Of course, being a point of fervent speculation ever since Episode VII came out, the issue became one of only a handful of mysteries to be pulled at and talked over, another of which we’ll discuss another time. What happens when there is a hole in the information given in a film or tv show – especially these days – is all too understandable: the vacuum demands to be filled. Because Rey was waiting for her family to return, because it was hinted at that she may be more significant than it appeared at first glance, the internet went crazy, theorising unrestrained over Rey Who?
The answer, we find out in The Last Jedi is nobody. Rey parents were Jakku junkers who sold her for drinking money and buggered off, leaving her behind. As worthy an answer as any, I think. Of course, the fan machine isn’t happy about this. Because she has the Force – indeed is strong with it – she must be somehow related to someone we know, someone also strong with the force. The most likely answer was that she was Luke’s secret daughter. Some fans out there would not be happy with anything but this answer, despite it being the most obvious, least imaginative outcome possible. If not that, then she must be a Kenobi or a Solo because they’re the only other real possible answers. Maybe they’ll shock us, others thought, and do something completely unexpected, making her a descendant of a dark side user! Whatever the answer we were to be given, she had to be someone special, or else how was she so strong with the Force?
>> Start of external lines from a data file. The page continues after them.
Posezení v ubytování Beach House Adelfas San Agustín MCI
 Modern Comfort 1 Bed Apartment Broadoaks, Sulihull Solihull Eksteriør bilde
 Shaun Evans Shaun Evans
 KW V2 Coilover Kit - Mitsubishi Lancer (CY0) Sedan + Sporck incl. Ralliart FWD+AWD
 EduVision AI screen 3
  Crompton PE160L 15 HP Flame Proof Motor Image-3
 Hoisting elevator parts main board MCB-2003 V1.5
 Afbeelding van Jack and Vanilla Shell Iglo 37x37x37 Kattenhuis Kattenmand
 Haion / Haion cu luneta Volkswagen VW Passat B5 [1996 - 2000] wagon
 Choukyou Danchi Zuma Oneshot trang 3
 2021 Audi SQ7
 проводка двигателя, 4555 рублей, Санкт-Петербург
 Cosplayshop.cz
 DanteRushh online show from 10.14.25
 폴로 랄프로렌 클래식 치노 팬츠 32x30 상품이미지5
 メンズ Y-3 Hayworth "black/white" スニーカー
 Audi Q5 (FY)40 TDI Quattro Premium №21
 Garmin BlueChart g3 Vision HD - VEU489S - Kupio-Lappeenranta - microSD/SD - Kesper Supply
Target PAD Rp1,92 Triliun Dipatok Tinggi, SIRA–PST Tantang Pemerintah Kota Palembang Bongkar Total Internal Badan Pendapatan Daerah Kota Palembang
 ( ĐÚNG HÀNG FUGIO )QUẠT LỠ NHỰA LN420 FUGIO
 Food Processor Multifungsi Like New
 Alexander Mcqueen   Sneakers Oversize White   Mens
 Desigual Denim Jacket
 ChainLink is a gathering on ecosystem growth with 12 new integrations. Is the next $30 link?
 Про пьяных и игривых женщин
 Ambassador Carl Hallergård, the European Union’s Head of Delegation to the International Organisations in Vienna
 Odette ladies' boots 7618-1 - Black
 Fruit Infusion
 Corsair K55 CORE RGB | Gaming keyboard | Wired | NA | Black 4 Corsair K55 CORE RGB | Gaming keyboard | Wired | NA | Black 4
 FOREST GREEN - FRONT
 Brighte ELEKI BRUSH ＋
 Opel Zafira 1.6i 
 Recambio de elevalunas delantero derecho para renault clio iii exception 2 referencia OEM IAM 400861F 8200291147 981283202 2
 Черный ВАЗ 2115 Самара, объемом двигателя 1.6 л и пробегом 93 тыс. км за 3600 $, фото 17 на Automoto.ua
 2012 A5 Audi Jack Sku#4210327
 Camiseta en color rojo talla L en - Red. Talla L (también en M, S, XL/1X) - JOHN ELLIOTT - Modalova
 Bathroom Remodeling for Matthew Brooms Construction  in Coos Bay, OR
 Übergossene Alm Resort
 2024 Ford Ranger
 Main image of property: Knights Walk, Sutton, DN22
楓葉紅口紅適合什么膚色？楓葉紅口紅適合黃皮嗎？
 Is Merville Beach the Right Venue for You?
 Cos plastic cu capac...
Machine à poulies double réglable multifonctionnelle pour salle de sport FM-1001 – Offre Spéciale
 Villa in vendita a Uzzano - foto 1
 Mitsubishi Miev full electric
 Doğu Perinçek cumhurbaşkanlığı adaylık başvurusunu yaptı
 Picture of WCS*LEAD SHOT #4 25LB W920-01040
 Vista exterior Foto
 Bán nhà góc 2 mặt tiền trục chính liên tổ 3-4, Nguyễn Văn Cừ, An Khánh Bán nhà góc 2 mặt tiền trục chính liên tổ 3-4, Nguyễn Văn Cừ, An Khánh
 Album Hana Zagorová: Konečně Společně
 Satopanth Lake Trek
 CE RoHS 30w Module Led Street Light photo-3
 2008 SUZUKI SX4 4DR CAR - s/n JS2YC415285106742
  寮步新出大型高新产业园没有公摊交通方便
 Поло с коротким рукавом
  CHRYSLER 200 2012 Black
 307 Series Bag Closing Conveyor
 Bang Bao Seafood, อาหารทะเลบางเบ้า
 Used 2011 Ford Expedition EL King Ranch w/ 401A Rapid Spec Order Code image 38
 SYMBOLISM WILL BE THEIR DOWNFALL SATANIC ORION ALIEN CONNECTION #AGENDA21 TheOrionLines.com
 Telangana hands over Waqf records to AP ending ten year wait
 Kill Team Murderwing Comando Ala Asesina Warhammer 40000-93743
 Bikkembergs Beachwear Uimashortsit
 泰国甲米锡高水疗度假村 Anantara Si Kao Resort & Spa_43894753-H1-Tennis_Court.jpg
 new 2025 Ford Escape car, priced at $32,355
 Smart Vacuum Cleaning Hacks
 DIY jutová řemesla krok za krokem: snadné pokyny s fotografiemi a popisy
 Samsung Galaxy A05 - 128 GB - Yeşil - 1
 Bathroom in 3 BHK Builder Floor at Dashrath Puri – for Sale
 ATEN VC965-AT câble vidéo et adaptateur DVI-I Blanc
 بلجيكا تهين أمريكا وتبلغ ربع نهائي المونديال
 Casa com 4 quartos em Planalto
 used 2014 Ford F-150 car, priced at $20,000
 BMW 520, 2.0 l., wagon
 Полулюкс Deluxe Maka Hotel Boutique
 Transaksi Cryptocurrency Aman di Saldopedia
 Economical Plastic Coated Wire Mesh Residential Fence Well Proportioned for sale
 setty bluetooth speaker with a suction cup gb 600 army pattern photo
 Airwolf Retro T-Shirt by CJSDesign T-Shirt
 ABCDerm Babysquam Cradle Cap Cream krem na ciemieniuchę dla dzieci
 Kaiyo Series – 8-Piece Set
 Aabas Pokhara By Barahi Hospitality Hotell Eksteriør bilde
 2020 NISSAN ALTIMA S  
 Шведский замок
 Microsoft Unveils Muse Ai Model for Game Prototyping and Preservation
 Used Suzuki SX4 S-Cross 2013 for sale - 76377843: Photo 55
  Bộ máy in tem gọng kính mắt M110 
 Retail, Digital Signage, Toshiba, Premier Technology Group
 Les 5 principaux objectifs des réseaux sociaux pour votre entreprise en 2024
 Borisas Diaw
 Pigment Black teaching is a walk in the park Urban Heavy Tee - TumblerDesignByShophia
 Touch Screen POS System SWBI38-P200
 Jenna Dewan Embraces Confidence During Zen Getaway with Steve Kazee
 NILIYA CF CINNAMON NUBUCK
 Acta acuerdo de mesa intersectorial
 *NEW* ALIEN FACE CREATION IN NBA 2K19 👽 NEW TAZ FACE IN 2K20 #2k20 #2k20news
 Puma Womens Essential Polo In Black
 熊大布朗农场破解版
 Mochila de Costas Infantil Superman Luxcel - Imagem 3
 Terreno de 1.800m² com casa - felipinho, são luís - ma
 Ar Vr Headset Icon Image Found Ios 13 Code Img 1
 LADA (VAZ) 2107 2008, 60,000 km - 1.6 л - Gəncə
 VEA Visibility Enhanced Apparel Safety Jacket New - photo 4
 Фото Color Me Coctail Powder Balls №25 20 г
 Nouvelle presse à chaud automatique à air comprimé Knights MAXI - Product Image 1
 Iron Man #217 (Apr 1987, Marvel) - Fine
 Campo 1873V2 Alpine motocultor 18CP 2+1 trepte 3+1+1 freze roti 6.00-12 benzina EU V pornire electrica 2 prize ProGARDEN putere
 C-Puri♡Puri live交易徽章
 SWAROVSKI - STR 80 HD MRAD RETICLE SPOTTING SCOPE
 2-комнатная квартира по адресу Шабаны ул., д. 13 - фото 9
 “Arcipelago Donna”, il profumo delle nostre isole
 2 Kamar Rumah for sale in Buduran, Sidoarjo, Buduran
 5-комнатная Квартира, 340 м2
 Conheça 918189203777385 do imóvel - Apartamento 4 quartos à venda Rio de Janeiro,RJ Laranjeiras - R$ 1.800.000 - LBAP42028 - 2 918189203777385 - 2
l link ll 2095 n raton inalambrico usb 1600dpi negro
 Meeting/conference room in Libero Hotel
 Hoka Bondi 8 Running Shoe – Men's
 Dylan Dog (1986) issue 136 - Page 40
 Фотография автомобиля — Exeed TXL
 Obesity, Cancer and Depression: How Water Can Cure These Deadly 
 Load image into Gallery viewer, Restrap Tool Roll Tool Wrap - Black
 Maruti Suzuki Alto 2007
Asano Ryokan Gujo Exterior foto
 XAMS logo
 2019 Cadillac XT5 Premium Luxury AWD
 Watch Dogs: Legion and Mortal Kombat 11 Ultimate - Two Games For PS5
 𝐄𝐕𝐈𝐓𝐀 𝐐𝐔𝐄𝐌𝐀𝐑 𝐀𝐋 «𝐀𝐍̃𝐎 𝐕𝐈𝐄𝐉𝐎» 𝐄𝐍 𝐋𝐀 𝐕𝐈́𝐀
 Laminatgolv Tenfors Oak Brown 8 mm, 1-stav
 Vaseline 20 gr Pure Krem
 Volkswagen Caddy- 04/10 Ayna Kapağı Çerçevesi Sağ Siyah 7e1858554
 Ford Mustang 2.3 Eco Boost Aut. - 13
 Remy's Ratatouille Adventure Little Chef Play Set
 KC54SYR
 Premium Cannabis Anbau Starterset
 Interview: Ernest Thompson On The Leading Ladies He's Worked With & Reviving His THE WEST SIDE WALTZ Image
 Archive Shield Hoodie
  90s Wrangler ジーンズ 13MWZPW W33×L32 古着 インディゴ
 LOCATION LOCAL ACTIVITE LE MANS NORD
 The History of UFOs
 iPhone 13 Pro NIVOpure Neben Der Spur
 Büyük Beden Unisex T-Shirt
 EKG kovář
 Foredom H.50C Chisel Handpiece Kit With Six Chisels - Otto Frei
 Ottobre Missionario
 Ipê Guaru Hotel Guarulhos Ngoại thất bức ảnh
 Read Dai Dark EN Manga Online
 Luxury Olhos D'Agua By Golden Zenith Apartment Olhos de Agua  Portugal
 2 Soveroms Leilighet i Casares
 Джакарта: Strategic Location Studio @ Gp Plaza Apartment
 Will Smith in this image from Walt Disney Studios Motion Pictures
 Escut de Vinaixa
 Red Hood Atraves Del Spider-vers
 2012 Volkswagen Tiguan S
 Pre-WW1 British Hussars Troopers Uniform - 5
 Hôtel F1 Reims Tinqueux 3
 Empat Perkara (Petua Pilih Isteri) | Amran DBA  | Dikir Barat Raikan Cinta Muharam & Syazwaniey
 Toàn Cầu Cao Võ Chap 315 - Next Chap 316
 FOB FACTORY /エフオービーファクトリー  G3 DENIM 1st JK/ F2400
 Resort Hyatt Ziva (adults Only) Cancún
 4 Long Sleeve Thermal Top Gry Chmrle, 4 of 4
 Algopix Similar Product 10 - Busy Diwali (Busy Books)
This blinkered rationale forgets of course that in the prequels, and for a thousand generations before them, there were loads of Jedi. They were everywhere! Are you telling me they all came from greatness when we know for a fact that they were simply ordinary kids who were strong with the Force, trained to use it as best they can? Until the prequels came along Anakin Skywalker was just a Jedi Knight who went bad. This Chosen One bollocks didn’t really rear its head, on screen at least, until The Phantom Menace tried to shoehorn an immaculate conception into the mythos. Taking the original trilogy on its own, Luke was only special in the sense that he was the baddie’s son.
So when, in The Force Awakens, Maz says “you already know the truth – whomever you are waiting for on Jakku, they’re never coming back. But there’s someone still could…” I took it as read that her family was gone and it didn’t matter who they were. The story was about looking to the future, not wallowing in the past. Daisy Ridley herself was confused when made aware of the speculation; she believed the identity of Rey’s parents was not only explained but explained away, in that very scene. Her parents were gone, they were never coming back, it wasn’t about where she was from but where she was going. Isn’t that much, much better than “she’s secretly Obi-Wan Kenobi’s granddaughter, born of his secret son we’ve never heard of despite seeing his younger years as a Jedi Knight and his years spent in exile on Tatooine? I think so.
Of course, The Last Jedi is a layered and nuanced piece of work. Does Rey tell herself that her parents were nobodies, as she’s already known, deep inside? Or does she get told that by Kylo Ren? I think it’s clear that it’s the first one. Kylo tells her that she’s always known the truth about her parents. She says “they’re nobody” and he then tells her that she’s correct, that they’re buried in makeshift graves in the desert on Jakku. But nothing can stop the speculation machine: already there are countless YouTube videos theorising that Kylo Ren lied to her, manipulated her into thinking she is less than she is. That the real truth is yet to be told. I suppose it’s a point of debate, but I wouldn’t waste your time on it. So who are Rey’s parents? That was the BIG QUESTION. The answer – as it has always been, if you take what’s on screen and think about it for more than a second (but for less than a week, as that leads to the dark side: online fan theories!) – is “they’re nobody. Forget them.” They aren’t characters in this film. As it should be.
The very core of this new chapter in the Star Wars saga is that greatness comes from within yourself, it doesn’t drip down the branches of your family tree. The Force doesn’t belong to the Jedi or the Sith, that’s vanity, arrogance, and can lead only to ultimate failure. The Force is in everyone and everything. Broom Kid – the character we see very briefly at the end of the film, moving a broom using the Force, which sporting Rose’s Resistance ring. He’s nobody. He’s symbolic. They show us, right there in that stable, that the Force is awakening, not just in Rey, but all across the galaxy in normal people.
Alas, I fear this humbling message is lost on a generation of fans overfed on the Extended Universe material, bitter now that Disney have declared their favourite minor-player character-study comic book non-canonical. Already there are Reddit threads and 4Chan chats about the biggest question this awful, terrible, franchise-killing film has to ask: Who are Broom Kid’s parents? Is he a Skywalker? A Kenobi? A Palpatine?! Kill me now, before they kick off about never seeing him again.